This server system has been serving email services since Red Hat v 1.1
(circa 1997 I think) and now is on Fedora Core 37; through many hardware and OS updates along the way it has been kept current. And, we chose postfix
and dovecot
early on, and are still using them. And I've been the system mangler all this time.
A week ago tomorrow we had our /var
tree wiped out due to a bug in a backup script - doah! And it required a full rebuild of the OS, "from scratch", to the same version. All the software not included in the Fedora Server 37
distribution was loaded fresh via dnf install
. And, we got our full config back from our good backups.
On Monday, two days ago, I noticed the system was noticeably sluggish but didn't have time to look into it. And I also noticed our link to the internet seemed to have performance problems. That was a clue...
Then, I decided to get spamassassin
working again - it takes time to configure a mature environment like this! And SA
had been disabled before the loss of /var
, so it didn't just start back up. And anyway, when I went to check /etc/var/log/maillog
to see if it was doing its job, I found all these mail being relayed messages?! Whisky Tango Foxtrot?!
I then checked the mail queues - hundreds of thousand to Gmail alone! WOW!
For now, I've turned off ALL outbound emails with:
default_transport = error: Sorry spammers, we're not sending your email! So sue us!
And began trying to figure out what went wrong.
I DID find SOME were getting through claiming to be 127.0.0.1
, so I closed that down. And I methodically went through all the various (and copious) postfix
configuration options and couldn't find a thing wrong...
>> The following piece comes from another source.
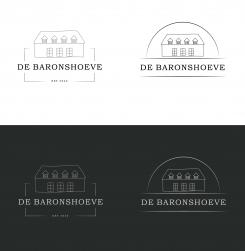 Logo # 1036902 voor Logo voor Cafe restaurant De Baronshoeve wedstrijd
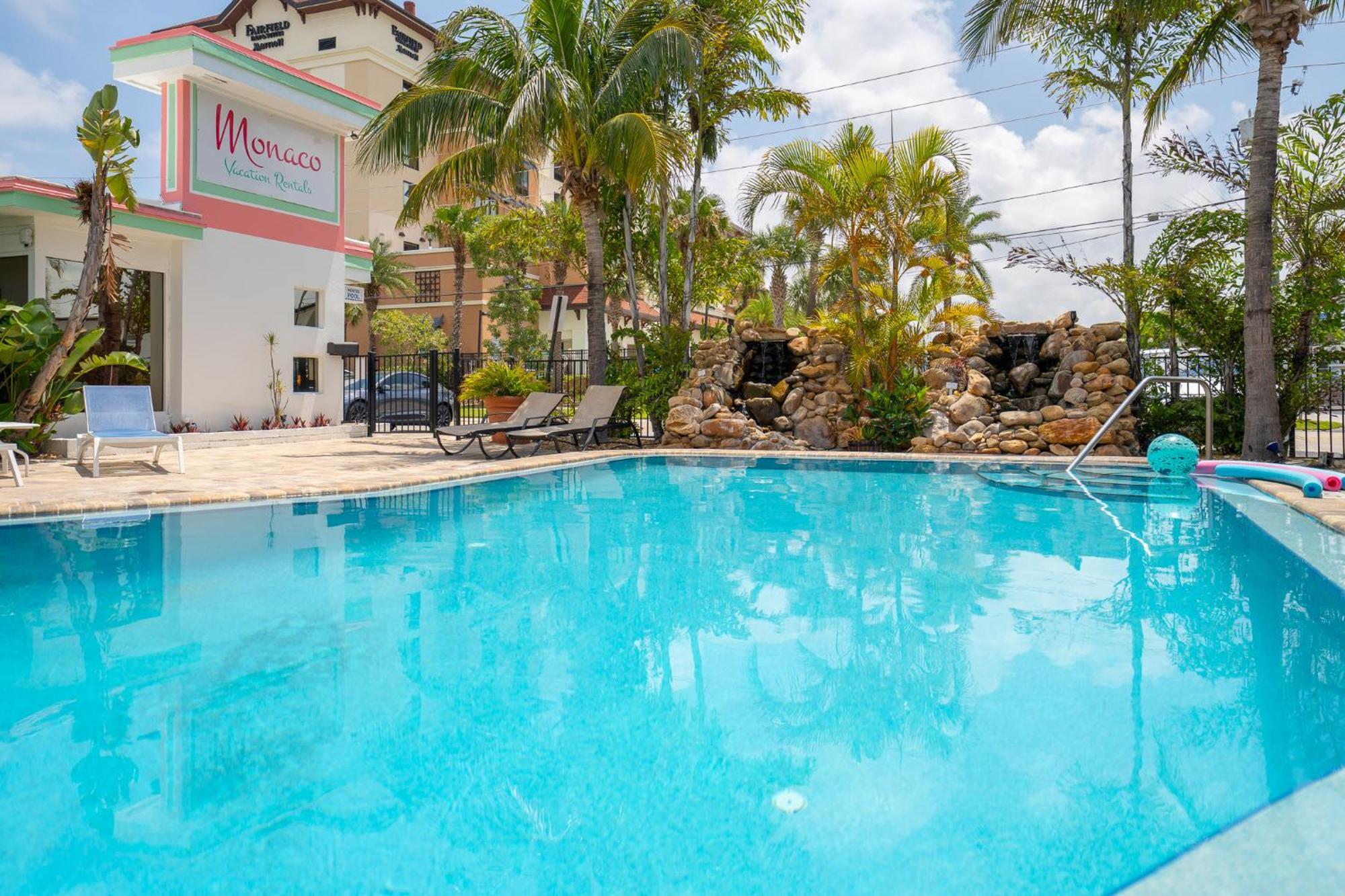 Monaco Vacation Rentals Clearwater Beach Exterior foto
So, I went to use one of these script-testing open-relay testing web sites that try a dozen or so different hacks that spammers use to convince otherwise well-configured servers to relay their mail, but I couldn't find any - the last time I looked, there were a half-dozen or so such web sites! (What happened to 'em?! If you know of one, please tell me!)
And so I used nmap
. It does NOT do a comprehensive job, or if it can, I'm not familiar with how. But I turned to send back on and tested. In testing, it says:
Host is up (0.00027s latency).
rDNS record for <ip-addr>: <reverse-lookup-map>
PORT STATE SERVICE
25/tcp open smtp
|_smtp-open-relay: Server doesn't seem to be an open relay, all tests failed
465/tcp filtered smtps
587/tcp open submission
|_smtp-open-relay: Server isn't an open relay, authentication needed
MAC Address: [its mac address] (controller's mfg name)
Nmap done: 1 IP address (1 host up) scanned in 22.03 seconds
The ONLY two websites I could find to look at it and report were non-responsive - the one loaded but didn't respond and then when I tried reloading the page, it wouldn't reload, and the second kept saying it was busy, try again later.
So ... back to figuring it out "by hand."
OK, so NOW what do we do?
ALL requests for setting information will be gladly honored, but the config file is first of all huge, and secondly it contains a lot of private information we don't want out there.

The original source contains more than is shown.